(Items from a dataset)
+===+

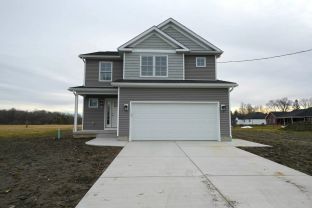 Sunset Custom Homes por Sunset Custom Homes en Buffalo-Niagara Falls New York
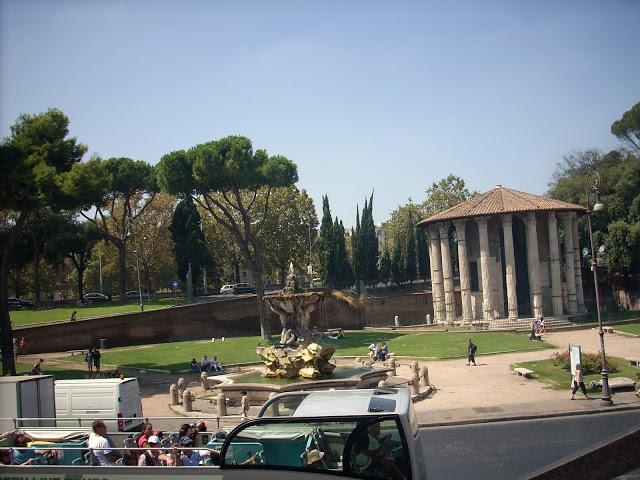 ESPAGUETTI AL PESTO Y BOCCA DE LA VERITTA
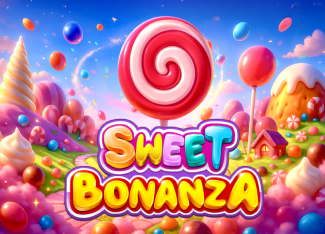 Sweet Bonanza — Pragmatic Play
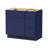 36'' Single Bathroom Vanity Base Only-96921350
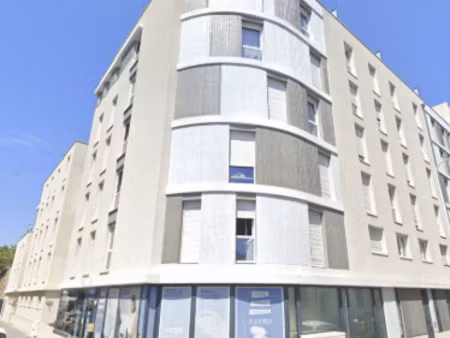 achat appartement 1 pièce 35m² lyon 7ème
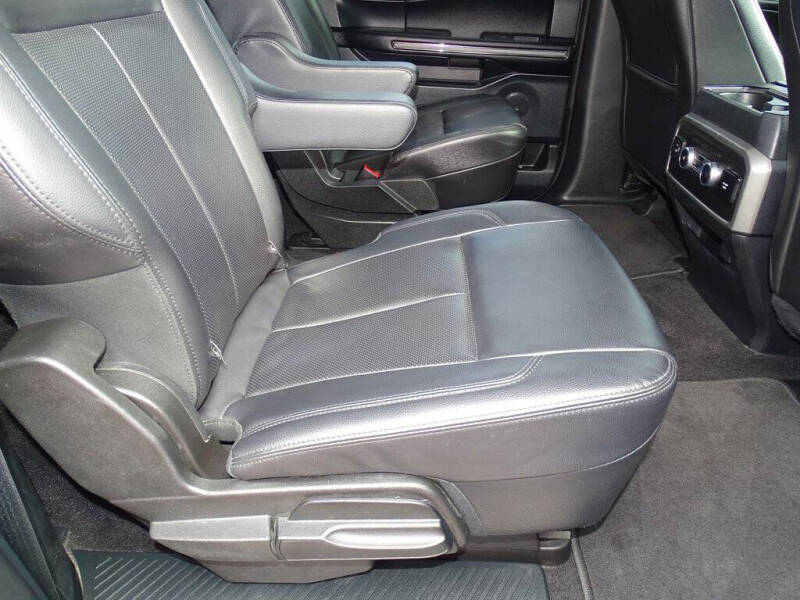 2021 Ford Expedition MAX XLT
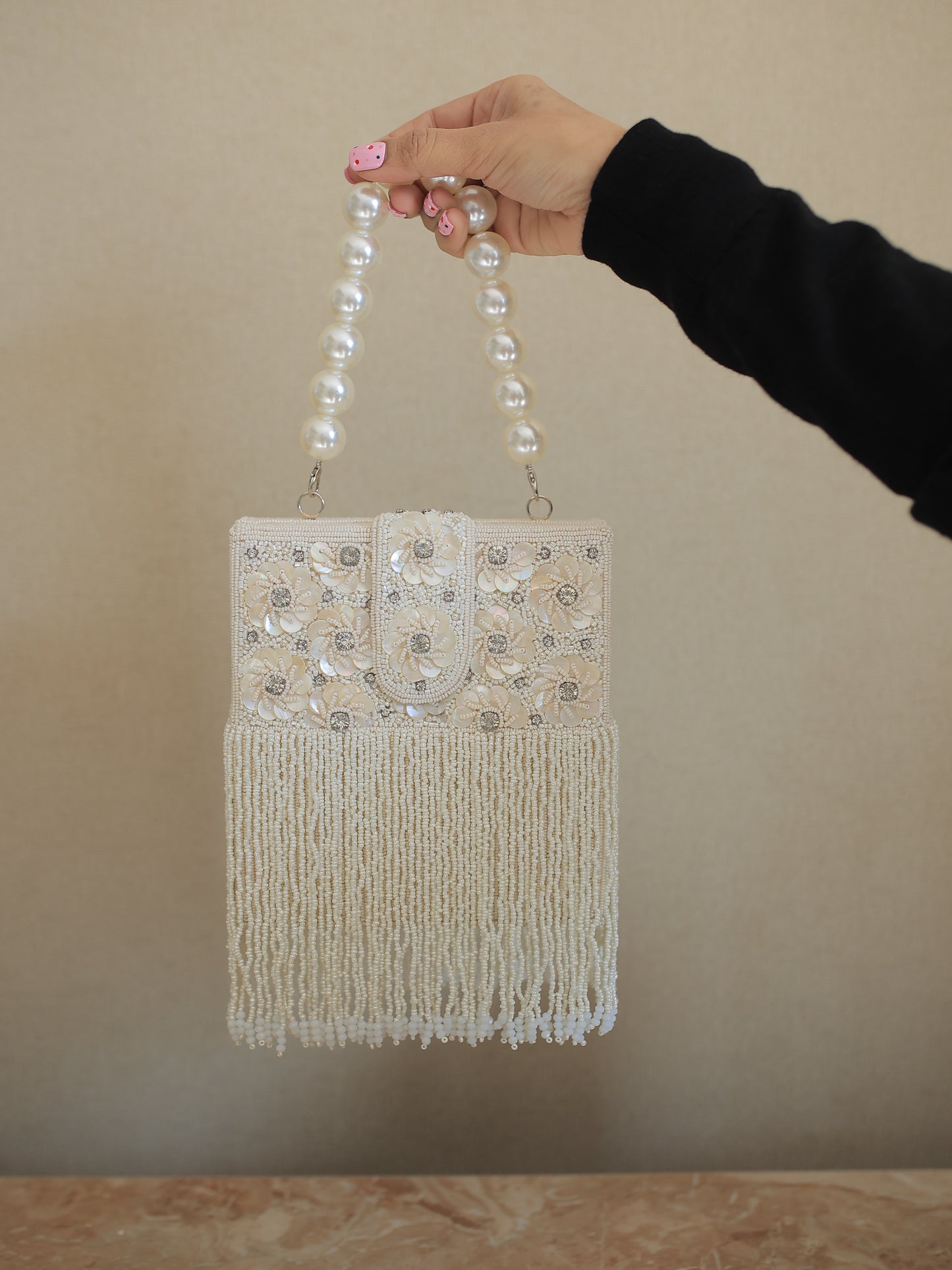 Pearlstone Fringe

+===+

**What the task asks**
Give again, exactly as written, the lines from the one with "2021 Ford Expedition MAX XLT" through the last line of the entries above, but skip the pictures.

**Exercise output**
 2021 Ford Expedition MAX XLT
 Pearlstone Fringe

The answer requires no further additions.